In the past, legal teams involved in discovery and investigations sifted through emails, Office documents, PDFs, and images. Then came text, Facebook and Instagram. Now, apps such as Slack, HipChat and Google Hangouts are moving business communication from the inbox to the chat room.

The good news is that Slack data can be extremely rich and voluminous—a treasure trove for discovery, nothing less than a searchable log of conversation and knowledge. Legal professionals who are not dealing with Slack in discovery, may be letting potentially game-changing evidence go undiscovered. But reviewing Slack data can be virtually impossible without the right tools.

Slack 101

What is Slack? Slack is a messaging, chat and collaboration app that allows for fast paced communication, all logged in a highly searchable environment called a “workspace.” Slack lets work teams gather in the app to compose messages, share files, integrate information from third-party apps, and even make phone calls.

These workspaces can be incredibly rich in information. A Slack integration, for instance, can create a notification every time a spreadsheet is updated. Information can also be pulled from outside sources into Slack. A single Slack message log contains information on text, attachments, response types, edits, and more. Users can create and delete communication channels, edit individual messages, add and remove files, create, modify, or remove integrations—creating even more information tracked in the app.

In short, Slack gathers a massive amount of data, all stored in one place—and its default retention setting is to keep everything. However, users can set their own retention and deletion policies. That complicates consistent information governance—and discovery.

Key challenges of Slack for attorneys and discovery include:

– Embracing It. Apps like Slack are growing in use and number, becoming an increasingly necessary part of discovery and investigations. To integrate Slack into a regular discovery process, discuss Slack retention and governance policies with clients. Add Slack data to preservation letters, requests for production, and custodian interviews. Also, watch for indications that Slack might be an issue by, for example, noting for email notifications to active Slack users.

– Exporting Slack for Discovery.  The type of Slack plan a company has will impact how easily Slack data can be retrieved. Typically, Slack allows all workspace owners and administrators to easily export data from public channels. That includes public messages, public files, archived channels, and integration activity logs.  To obtain data on editing and deletion, or to access records from direct messages or private channels, the process may be more difficult. Slack supplies step by step information on how to export Slack data.

– Making Sense of Slack Data.Slack exports come in JSON format. JSON stands for the JavaScript Object Notation file format. It makes exchanging data between machines easy, but it also makes the data unreadable to nearly anyone but a computer programmer. Here’s what a record of a user joining a Slack chatroom, or “channel,” looks like when exported:

“user”: “U6NJNUGSH”,

“inviter”: “U5KTXUGSW”,

“text”: “ has joined the channel”,

“type”: “message”,

“subtype”: “channel_join”,

“ts”: “1502749986.378906

Got that? And that’s just for a simple message. For more complicated communications, a single message record can stretch over several pages, almost all of it nearly undecipherable.

Slack communication can also be very informal. Executives don’t often respond in corporate meetings with smiling or frowning emojis; in chat, everyone does. Attorneys, judges and juries will increasingly have to interpret these communication signals.

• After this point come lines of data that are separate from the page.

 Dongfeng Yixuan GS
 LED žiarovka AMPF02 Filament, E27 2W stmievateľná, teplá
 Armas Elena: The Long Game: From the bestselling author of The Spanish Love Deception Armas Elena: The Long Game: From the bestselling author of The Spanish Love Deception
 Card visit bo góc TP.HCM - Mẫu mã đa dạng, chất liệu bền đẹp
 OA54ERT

– Determining Custodians.The Electronic Discovery Reference Model’s glossary defines “data custodian” as a person “having administrative control of a document or electronic file.” It identifies the owner of an email account as the prototypical example.

With Slack data, determining custodians is more complicated. Individuals with administrative access to a workspace can export public information. But they may not have easy access to private channels, direct messages, and change logs. Individual users, who can see their own private communications, cannot export that data without administrative access.

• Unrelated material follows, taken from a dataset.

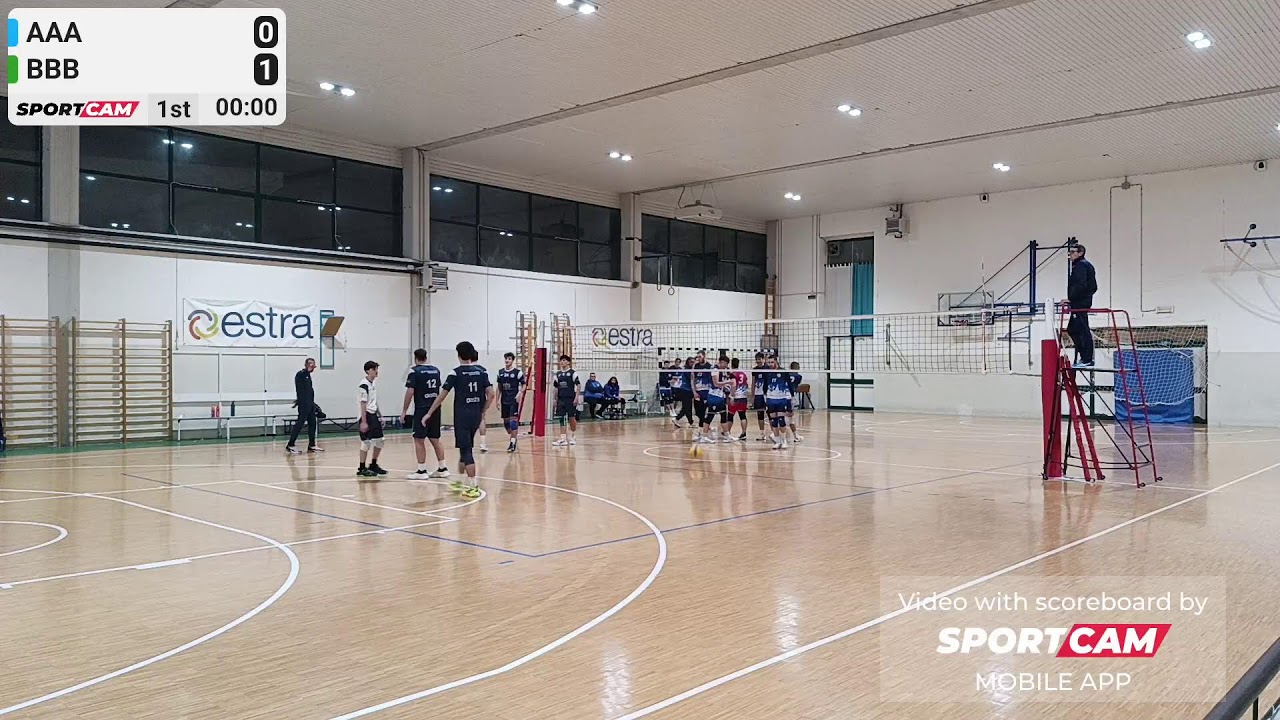 Serie D - Emma villas Siena vs Robur Scandicci- 07/03/2026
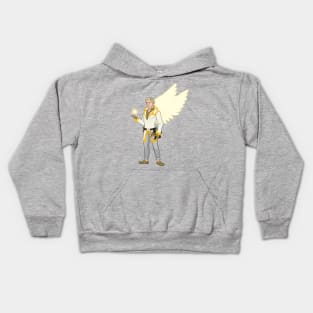 Uriel Dawnbringer - Natural Toonie Kids Hoodie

– Spoliation Attempts.The control Slack allows over an individual’s messages creates significant risks of spoliation attempts. A Slack user may delete or edit messages in an attempt to remove potential evidence—and they may think they’ve succeeded. That’s because there’s no way to see original messages once they’re edited in Slack. Only an (edited) note marks the change.  When messages are deleted, they appear, in the user’s eyes, to just disappear. Yet, unless the underlying workspace data is destroyed, many of these attempts at spoliation will fail. Slack records all messages, edits, and deletions. With the right software, finding such hidden information in Slack is easy.

Slack: The Treasure Trove

Data in Slack is immense, shifting, not easily accessible or easy to interpret. It is also continuously growing. Because Slack is cloud-based, it can be accessed from any device. This feeds the 24/7 discussions that can make Slack so valuable in discovery and investigations. To access Slack data, however, legal professionals need the right tools..

Today, modern discovery solutions, are starting to make Slack data accessible. The best can easily and quickly render and index Slack text, extract metadata to protect against spoliation, display deleted information, and reveal altered versions.

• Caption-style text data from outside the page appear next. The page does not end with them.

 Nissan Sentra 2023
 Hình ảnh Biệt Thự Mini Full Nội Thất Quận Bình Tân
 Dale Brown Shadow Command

Most importantly, today’s leading technologies can turn Slack data from this:

“user”: “U6NJNUGSH”,

“inviter”: “U5KTXUGSW”,

“text”: “ has joined the channel”,

“type”: “message”,

“subtype”: “channel_join”,

“ts”: “1502749986.378906”

Into this:

As Slack continues to change the way businesses communicate, the ability to find and review that data will become increasingly necessary.  In some organizations, Slack supplements existing communications, reducing email use while increasing chat. In others, Slack may exist as technology that is used without official sanction. Whatever the situation, discovery tools need to be robust and modern enough to handle this growing wealth of data.

By making Slack discovery easy and straightforward, and by revealing information revealing changes to messages and records of deleted conversations that would otherwise be hidden, new tools are allowing legal professionals to do just that.


[ Andy Wilson is Chief Executive Officer & Co-founder at Logikcull, which he launched in 2004 with CTO and cofounder, Sheng Yang. For more information about Logikcull and how it approaches Slack discovery, see here. ]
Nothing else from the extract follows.